Function (optional): A keyword describing a protein function. E.g. "leucine rich repeat" or "hydrolase".

Temperature (optional): Lower introduces fewer changes, higher introduces more changes.

Redesign Outputs

Protein sequence: A modified single chain protein sequence with length equal to input length. Only the residue range specified is modified.

Redesign Example Scripts

Redesign Q06750 residues 31-52 at temperature 1.2, and show 3 results.

design2

Diversify Inputs

Protein sequence: A single chain protein sequence with length less than 300 amino acids.

Function (optional): A keyword describing a protein function.
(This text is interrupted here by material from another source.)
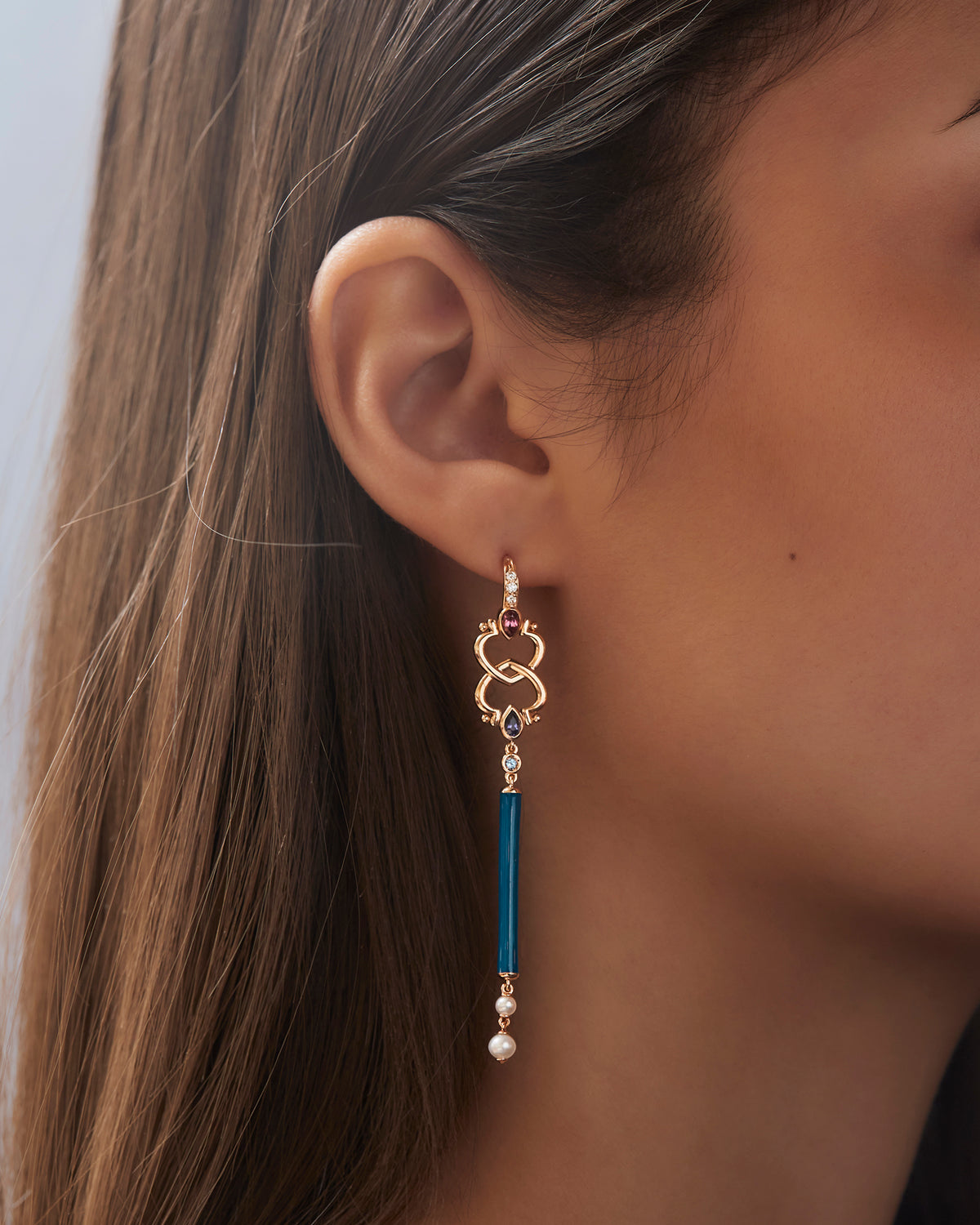 Hearts Strings Blue Earrings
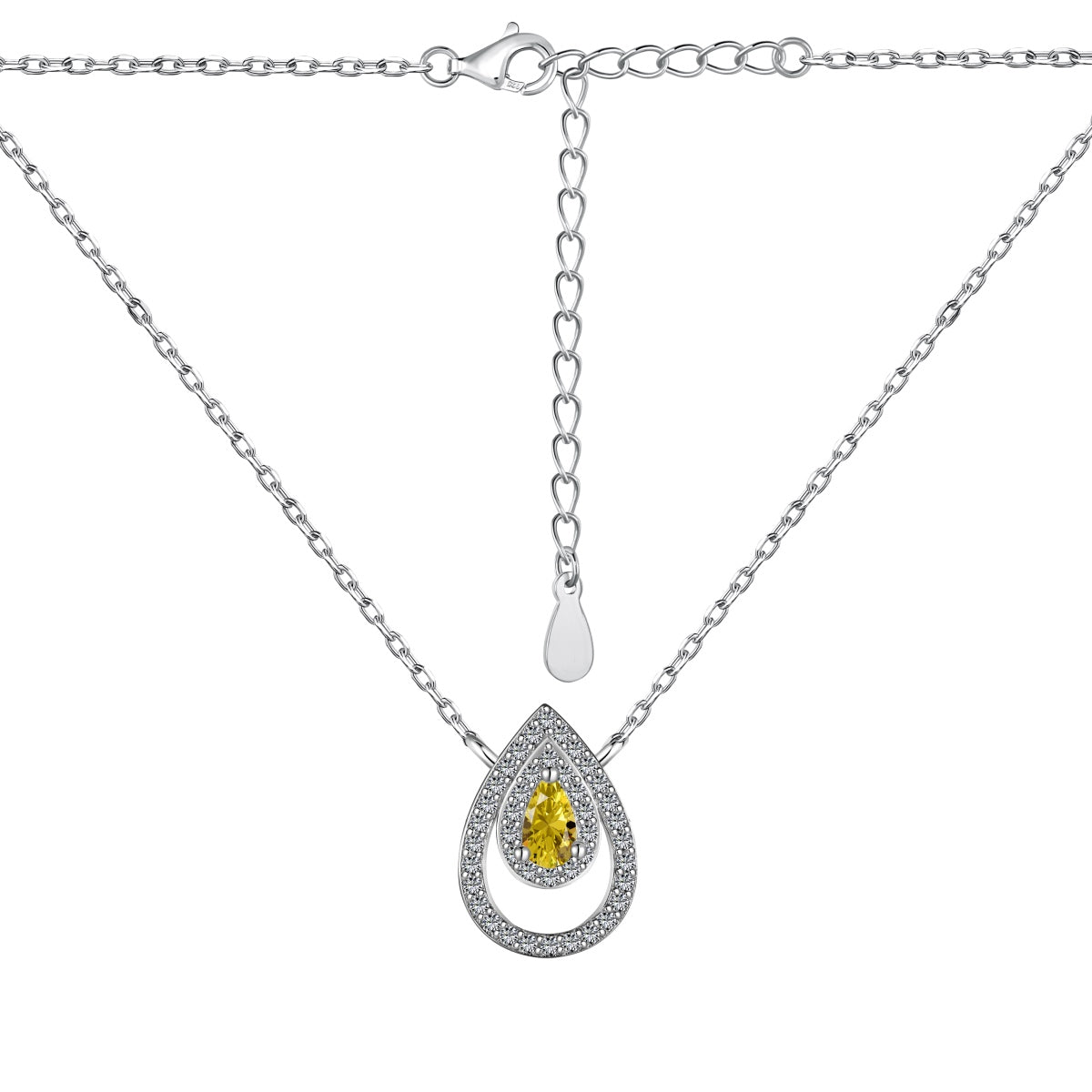 Angela Jewelry]Funkelnde Halskette im Birnenschliff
E.g. "leucine rich repeat" or "hydrolase".

Temperature (optional): Lower introduces fewer changes, higher introduces more changes.

Diversify Outputs

Protein sequence: A modified single chain protein sequence. Length is usually equal to input length, though rare insertions or deletions are possible.

Diversify Example Scripts

Diversify Q7L266 with temperature 2.0

design3

From Scratch Inputs

Function: A keyword describing a protein function. E.g. "leucine rich repeat" or "hydrolase".

From Scratch Outputs

Protein sequence: A single chain protein sequence. Length less than 300 amino acids.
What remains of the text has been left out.